Andrew Hard of Menlo Park CA (US)

Sean Augenstein of San Mateo CA (US)

Rohan Anil of Lafayette CA (US)

Rajiv Mathews of Sunnyvale CA (US)

Lara Mcconnaughey of San Francisco CA (US)

Ehsan Amid of Mountain View CA (US)

Antonious Girgis of Los Angeles CA (US)

DECENTRALIZED LEARNING OF MACHINE LEARNING MODEL(S) THROUGH UTILIZATION OF STALE UPDATES(S) RECEIVED FROM STRAGGLER COMPUTING DEVICE(S) - A simplified explanation of the abstract

This abstract first appeared for US patent application 20240095582 titled 'DECENTRALIZED LEARNING OF MACHINE LEARNING MODEL(S) THROUGH UTILIZATION OF STALE UPDATES(S) RECEIVED FROM STRAGGLER COMPUTING DEVICE(S)

Simplified Explanation

In a round of decentralized learning for updating a global machine learning model, remote processors transmit primary weights to computing devices, which generate corresponding updates for the model. The global model is then updated based on these updates, with additional updates received subsequently for further refinement.

  • Remote processors transmit primary weights to computing devices
  • Computing devices generate corresponding updates for the global machine learning model
  • Global model is updated based on received updates
  • Additional updates are received for further refinement

Potential Applications

This technology can be applied in various fields such as healthcare, finance, e-commerce, and more for improving machine learning models in a decentralized manner.

Problems Solved

1. Efficient updating of global machine learning models in a decentralized environment 2. Utilizing multiple updates for achieving a final version of the model

Benefits

1. Improved accuracy and performance of machine learning models 2. Scalability and flexibility in updating global models 3. Enhanced collaboration among distributed systems

Potential Commercial Applications

Optimizing advertising algorithms in digital marketing for better targeting and conversion rates.

Possible Prior Art

One potential prior art could be the use of federated learning techniques in updating machine learning models across distributed systems.

What are the potential security implications of transmitting model weights to computing devices for updates?

Transmitting model weights to computing devices for updates could pose security risks such as data breaches, unauthorized access to sensitive information, and potential model poisoning attacks.

How can the efficiency of receiving and utilizing subsequent updates be further improved in decentralized learning systems?

Efficiency in receiving and utilizing subsequent updates can be enhanced by implementing advanced synchronization techniques, optimizing communication protocols, and prioritizing updates based on relevance and impact on the global model.

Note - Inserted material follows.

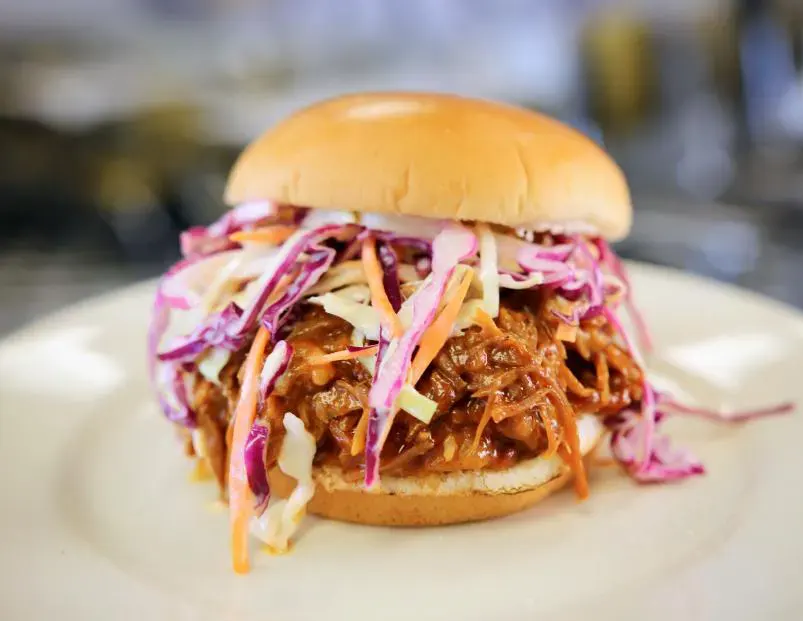 pulled-pork-sliders-with-coleslaw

Original Abstract Submitted

during a round of decentralized learning for updating of a global machine learning (ml) model, remote processor(s) of a remote system may transmit, to a population of computing devices, primary weights for a primary version of the global ml model, and cause each of the computing devices to generate a corresponding update for the primary version of the global ml model. further, the remote processor(s) may cause the primary version of the global ml model to be updated based on the corresponding updates that are received during the round of decentralized learning. however, the remote processor(s) may receive other corresponding updates subsequent to the round of decentralized learning. accordingly, various techniques described herein (e.g., fare-dust, feast on msg, and/or other techniques) enable the other corresponding updates to be utilized in achieving a final version of the global ml model.